Imagine a child who has lost the feeling of taste buds due to illness, or a child who rejects food because it is no longer administered by his caregiver, this loss of effectiveness of the boosters can lead to a lack of interest in the environment around them.
In this theory we say that what is happening in the individual’s life is a lack of positive reinforcement over a certain behavior.
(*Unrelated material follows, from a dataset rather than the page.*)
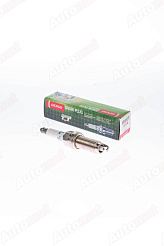 Свеча зажигания DENSO 4710 IXEH20ETT с иридиевым электродом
There are several reasons why positive boosters are not properly associated with appropriate behavior.
For example, you may find yourself in an environment that doesn’t provide you with enough reinforcement, where there’s a lack of social skills to acquire the necessary reinforcements, or a social anxiety that prevents you from enjoying it, it also explains how depression on the one hand would be reinforced by social assistance and, on the other, by social isolation.
We have seen here some approaches proposed by conductism for depression, but these proposals have now been enriched with new knowledge and more purely cognitive elements have been added, such as Rehm’s theory of self-control and Lewinsohn’s theory of self-concentration.
Rehm’s theory of self-control incorporates elements of Beck, Lewinsohn and Seligman’s theories and is considered a model of diathesis-stress (a theoretical model that suggests that certain specific characteristics make individuals more prone to psychopathologies after the start of stressful environmental events), and includes depression as a loss of association between external boosters and control of their own behavior.
Lewinsohn’s theory of self-focus emphasizes environmental factors as a cause of depression, but emphasizes that it is essential that people have a better perception of their own disability, which would create even more discomfort in their lives.
Certainly, behavioral and cognitive behavioral models give us a framework to explain mood disorder so satisfying that the challenge today for psychology professionals is to make them known with the same vehemence with which certain theories are disseminated, without any scientific sustenance.